Zastosowanie 100 mikromolowych 4-AP do plastrów o niskiej jakości skutkowało pękaniem lub gwałtownym wzrostem. Średnio 40% wycinków z każdego wypreparowanego przedklinicznego mózgu z powodzeniem wygenerowało zdarzenia podobne do ICTAL. Co więcej, 83% wypreparowanych myszy miało co najmniej jeden wycinek mózgu, który z powodzeniem wygenerował zdarzenia podobne do ICTAL.

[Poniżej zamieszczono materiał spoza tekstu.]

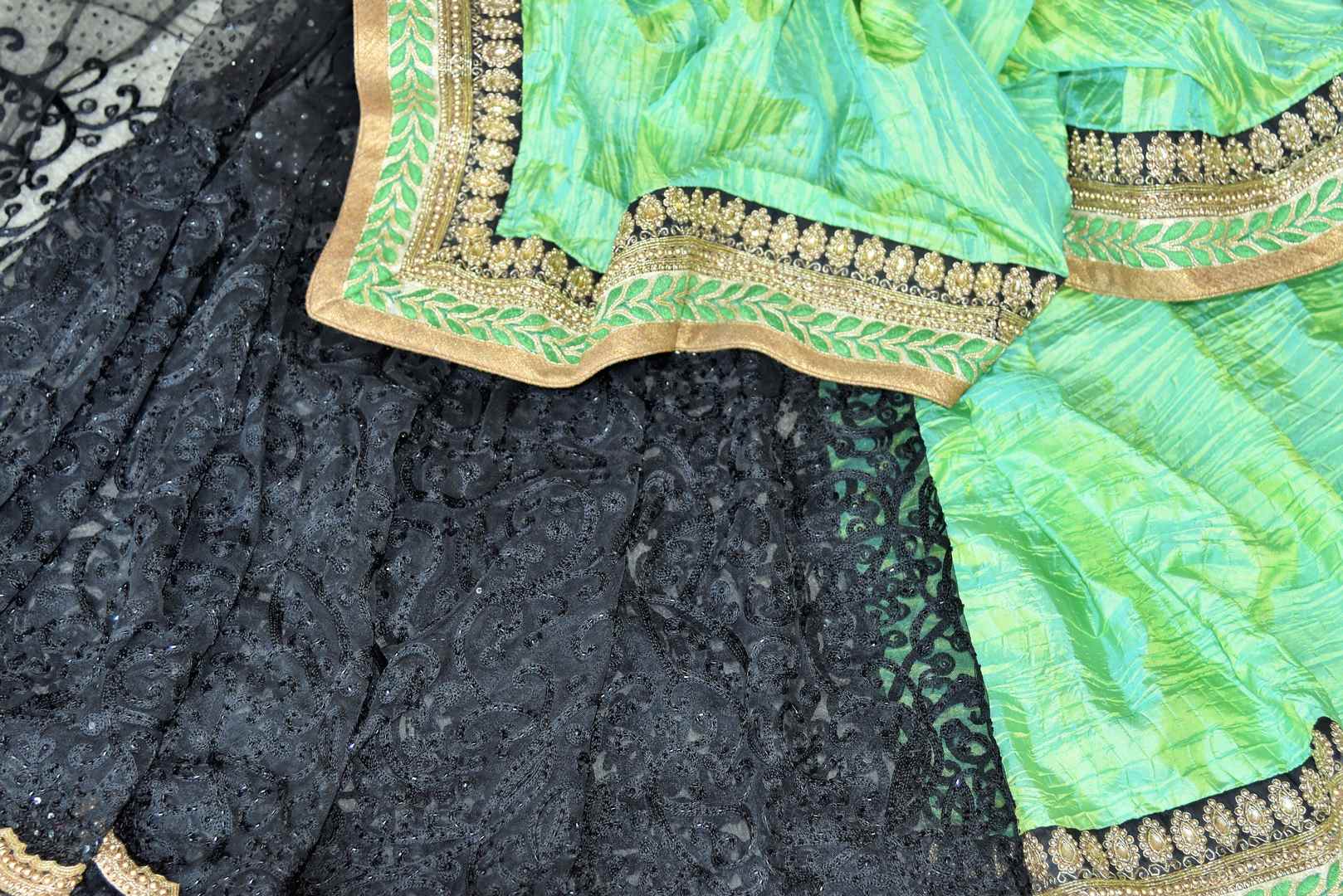 Buy green silk and black net embroidered half and half saree online in USA from Pure Elegance. Let your ethnic style be one of a kind with an exquisite variety of Indian handloom sarees, pure silk sarees, designer sarees from our exclusive fashion store in USA.-details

W wycinkach mózgu ze spontanicznie występującymi zdarzeniami podobnymi do ictal, zastosowanie krótkiego 30-milisekundowego impulsu świetlnego na wycinku mózgu, niezawodnie wywołało zdarzenie podobne do ictal, które było identyczne pod względem morfologii. Te same odkrycia dokonano w wycinkach mózgu dwóch myszy z rodopsyny kanałowej. Tak więc, niezależnie od tego, która subpopulacja neuronalna została aktywowana, każde krótkie zdarzenie synchronizujące w izolowanej korowej sieci neuronowej prowadziło do wystąpienia zdarzenia podobnego do ICTAL.

Te podobne do ictal zdarzenia składały się z kolca wartowniczego, odpalenia podobnego do toniku, wystrzeliwania podobnego do klonicznego i aktywności podobnej do wybuchu pod koniec. Miały one podobny charakter do sygnatur elektrograficznych związanych z napadami klinicznymi. Zgodnie z tą procedurą, można przeprowadzić inne rodzaje przejść stanów mózgu, aby odpowiedzieć na pytania takie jak: jakie są mechanizmy neurobiologiczne leżące u podstaw przemian stanów mózgu?

I jak możemy regulować te przejścia, aby zapobiec wejściu w różne patologiczne stany mózgu?